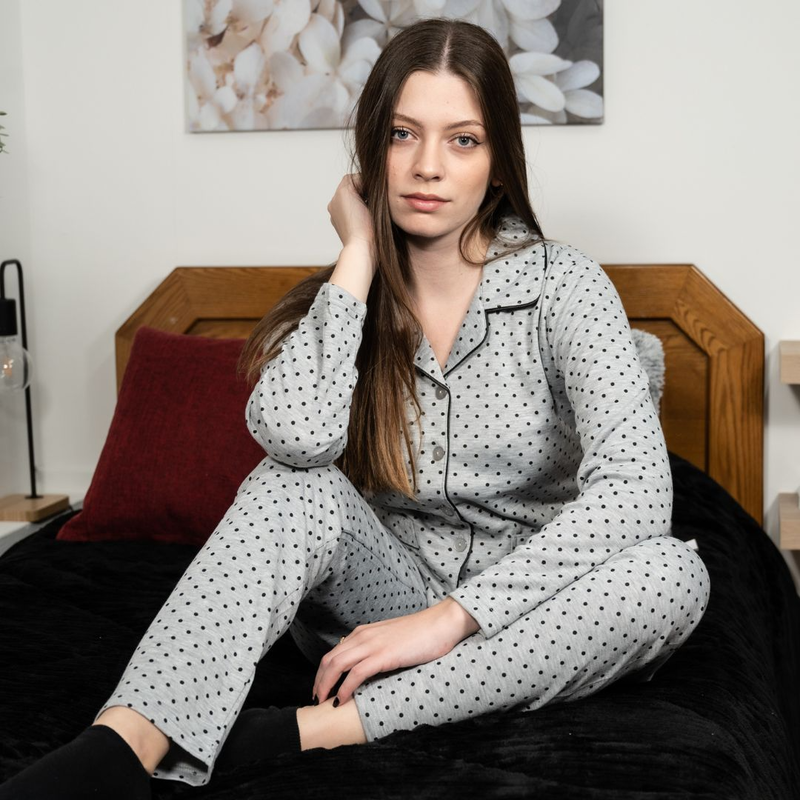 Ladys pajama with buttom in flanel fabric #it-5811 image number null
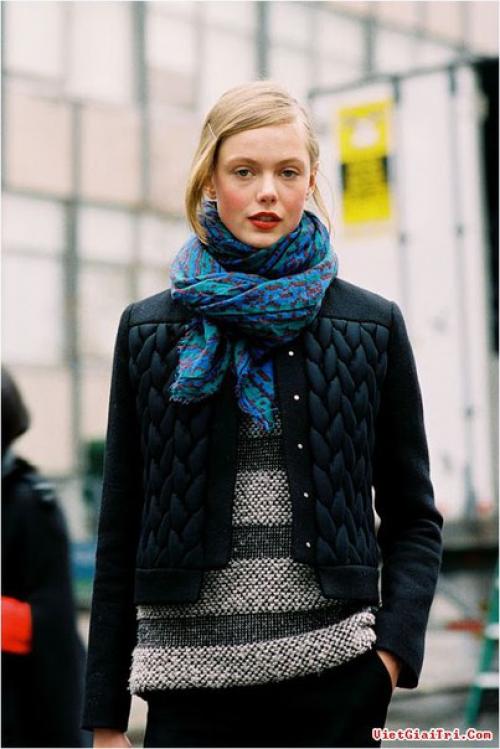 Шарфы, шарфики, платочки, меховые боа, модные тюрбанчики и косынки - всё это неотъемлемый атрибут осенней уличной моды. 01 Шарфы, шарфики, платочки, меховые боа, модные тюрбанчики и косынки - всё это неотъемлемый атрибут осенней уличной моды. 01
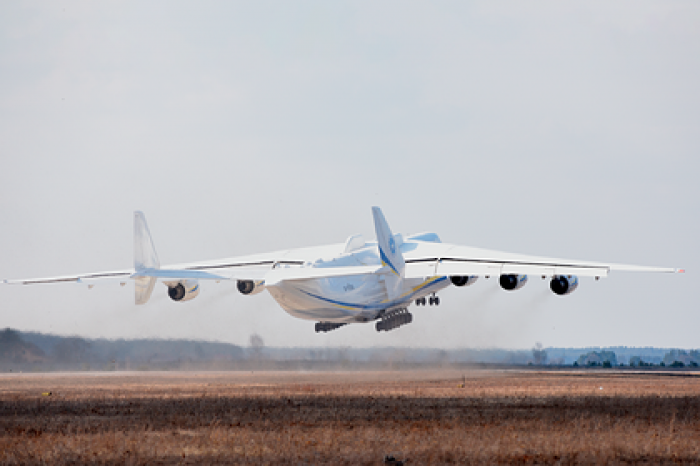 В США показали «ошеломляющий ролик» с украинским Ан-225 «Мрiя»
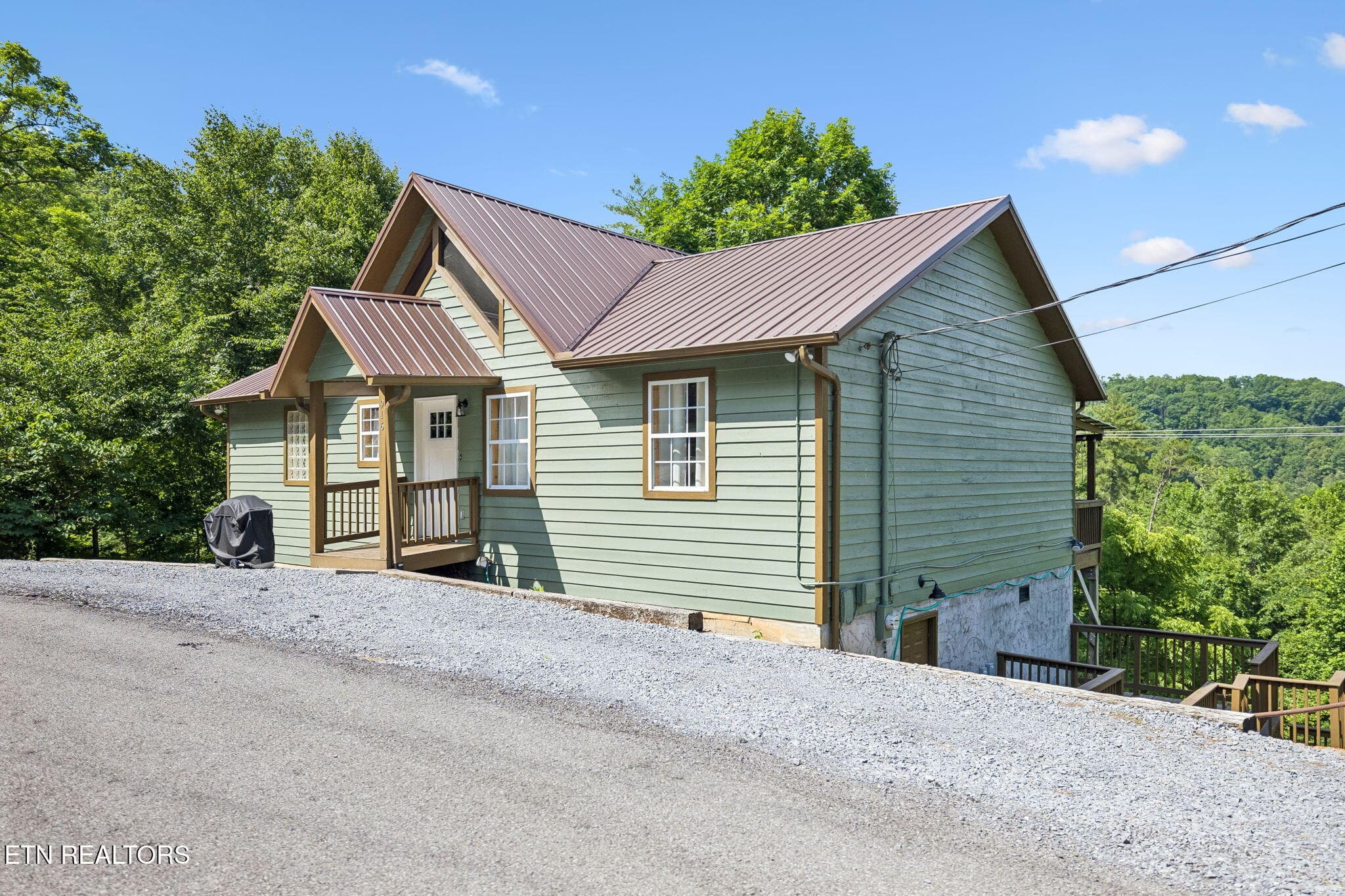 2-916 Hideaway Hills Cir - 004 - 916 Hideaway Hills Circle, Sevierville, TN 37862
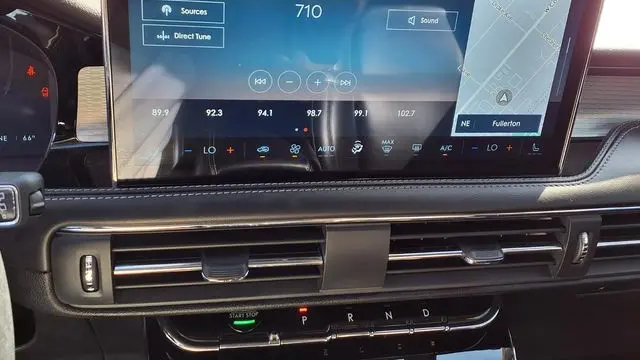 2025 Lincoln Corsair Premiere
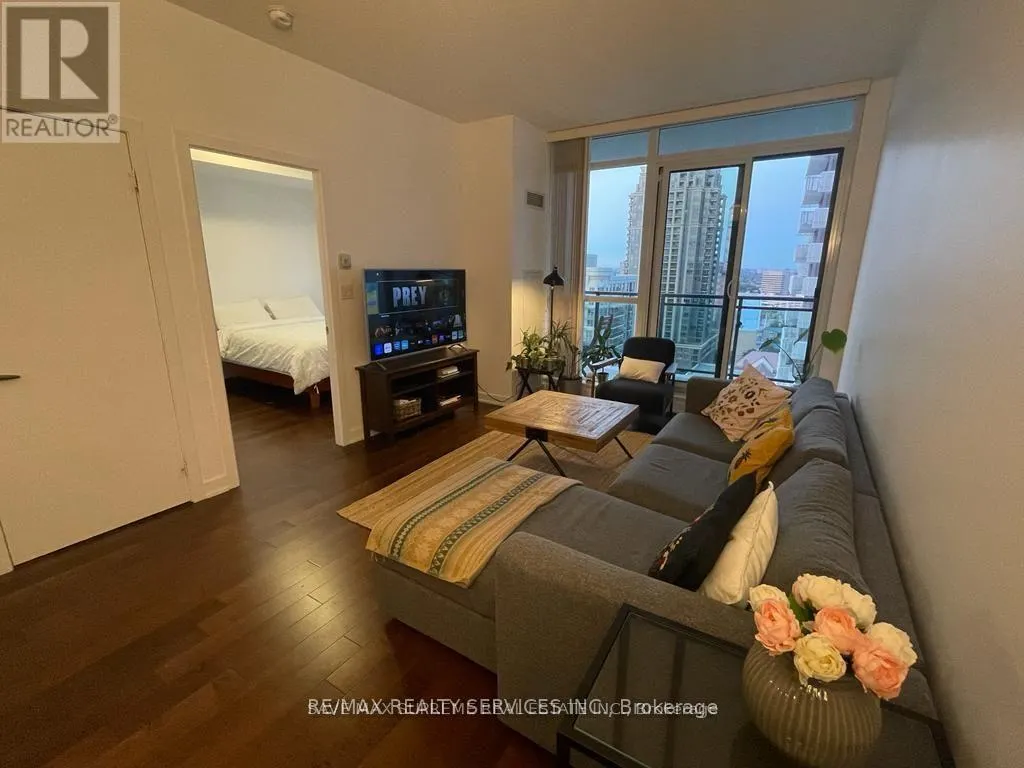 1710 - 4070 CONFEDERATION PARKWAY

YOUR GOAL:
Reproduce precisely the lines of the entries above, from the one containing "2-916 Hideaway Hills" through the final one, both ends included, and omit the pictures.

SOLUTION TO THIS PROBLEM:
 2-916 Hideaway Hills Cir - 004 - 916 Hideaway Hills Circle, Sevierville, TN 37862
 2025 Lincoln Corsair Premiere
 1710 - 4070 CONFEDERATION PARKWAY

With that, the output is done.